Posted by Chris Graham on 17th March 2023

David Vaughan reports from a very enjoyable steam working weekend at the Rural Life Living Museum, in leafy Surrey.

Rural Life Living Museum

Rural Life Living Museum: Rolling along as it does, Eloise is an 0-6-0 well tank engine made by Orenstein & Koppel. (Pic: Richard Wade)

The museum is situated on a narrow secondary road off the A287, and strangely doesn’t seem to be sign-posted at all until you come to the entrance itself. 

As early as the 1950s, local couple Henry and Madge Jackson realised that many old agricultural implements, such as wagons, and hand tools, used by earlier generations were being lost or destroyed. They became avid collectors of such items and, in 1973, after a suggestion by some friends opened what was then The Old Kiln Agricultural Museum. Some disused farm buildings in the part of the museum now known as Henry’s Yard were utilised for the museum, and their treasured collection soon began to grow, reflecting local life stories and many rural interests. 

Rural Life Living Museum

Eloise, with David Knoll on the footplate, heads off with another train. (Pic: David Vaughan)
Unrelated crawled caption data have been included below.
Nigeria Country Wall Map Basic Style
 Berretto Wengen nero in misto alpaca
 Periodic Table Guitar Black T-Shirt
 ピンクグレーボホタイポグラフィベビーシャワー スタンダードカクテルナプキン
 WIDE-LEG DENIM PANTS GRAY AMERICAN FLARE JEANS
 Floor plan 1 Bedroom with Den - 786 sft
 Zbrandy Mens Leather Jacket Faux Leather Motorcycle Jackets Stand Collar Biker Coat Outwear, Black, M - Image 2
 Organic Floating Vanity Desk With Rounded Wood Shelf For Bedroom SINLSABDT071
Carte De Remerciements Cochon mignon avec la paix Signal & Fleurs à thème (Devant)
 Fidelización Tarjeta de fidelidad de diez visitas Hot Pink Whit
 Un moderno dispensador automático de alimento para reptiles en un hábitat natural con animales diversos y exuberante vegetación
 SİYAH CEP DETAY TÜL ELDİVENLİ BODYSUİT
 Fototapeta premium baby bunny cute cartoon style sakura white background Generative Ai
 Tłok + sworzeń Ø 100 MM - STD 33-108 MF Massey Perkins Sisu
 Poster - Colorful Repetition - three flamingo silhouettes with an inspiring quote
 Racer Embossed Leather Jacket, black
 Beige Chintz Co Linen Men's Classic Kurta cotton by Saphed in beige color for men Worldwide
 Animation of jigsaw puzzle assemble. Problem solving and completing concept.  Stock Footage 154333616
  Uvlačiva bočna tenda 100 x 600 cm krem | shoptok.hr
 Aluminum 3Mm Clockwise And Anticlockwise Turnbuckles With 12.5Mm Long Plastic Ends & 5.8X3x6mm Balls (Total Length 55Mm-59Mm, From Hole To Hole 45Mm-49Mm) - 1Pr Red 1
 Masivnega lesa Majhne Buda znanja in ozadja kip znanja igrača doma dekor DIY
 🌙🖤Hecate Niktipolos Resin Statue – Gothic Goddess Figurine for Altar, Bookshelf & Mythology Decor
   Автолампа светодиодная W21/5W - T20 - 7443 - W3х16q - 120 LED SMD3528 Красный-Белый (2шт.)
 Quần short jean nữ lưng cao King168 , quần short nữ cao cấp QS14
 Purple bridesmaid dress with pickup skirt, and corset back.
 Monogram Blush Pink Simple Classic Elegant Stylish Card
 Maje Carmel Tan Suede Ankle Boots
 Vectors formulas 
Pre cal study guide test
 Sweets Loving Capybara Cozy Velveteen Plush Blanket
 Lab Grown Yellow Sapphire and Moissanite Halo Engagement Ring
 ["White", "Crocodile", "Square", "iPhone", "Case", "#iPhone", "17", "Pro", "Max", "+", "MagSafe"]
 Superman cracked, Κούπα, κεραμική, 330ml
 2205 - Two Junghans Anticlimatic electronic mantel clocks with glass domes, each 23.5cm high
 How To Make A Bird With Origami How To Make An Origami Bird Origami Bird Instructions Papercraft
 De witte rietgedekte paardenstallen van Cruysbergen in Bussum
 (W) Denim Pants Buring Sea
Madge died in 2002 and Henry a few years later but today the museum, now a charitable trust, contains over 40,000 artefacts housed in an assortment of buildings, some of which, like the cricket pavilion, chapel and school room, have been moved from other local settings to the site.

No visit to the museum would be complete without a ride on the 2ft gauge Old Kiln Light Railway, under the management of David Knott and his team of volunteers. The line started in the 1970s as the 2ft Wey Valley Light Railway based around an out-of-use pumping station before eventually coming to the Rural Life Centre in 1982. The railway was running three steam engines, and at least one diesel, along a fairly short but quite scenic line that runs alongside the main museum site. To celebrate its 40th anniversary the railway was running an intensive service over the weekend utilising nearly all its rolling stock and two of its three steam engines.

Rural Life Living Museum

Seen at Oaklands Halt is Emmet, a popular engine on the Old Kiln Light Railway. (Pic: David Vaughan)

The railway was formed and is run by a small dedicated bunch of industrial railway enthusiasts. The 2ft line is approximately half a mile long with three stations and a yard with an engine shed and workshops. There is also a short siding to the timber yard in the main museum. The group is run separately to the Rural Life Museum and all its funding is through its fares and private donations.     

The mainstay of the line is Eloise, an 0-6-0 well tank engine made by Orenstein & Koppel of Berlin in 1922 as No. 9998. She was supplied new to the Portuguese Forestry commission as their locomotive No. 1. She ended up on a plinth outside a cafe in Cascaise before coming to Britain in 1969. After several ownership changes she came to the Old Kiln Railway in 1986.

Rural Life Living Museum

Hunslet diesel Champion in the works sidings. (Pic: David Vaughan)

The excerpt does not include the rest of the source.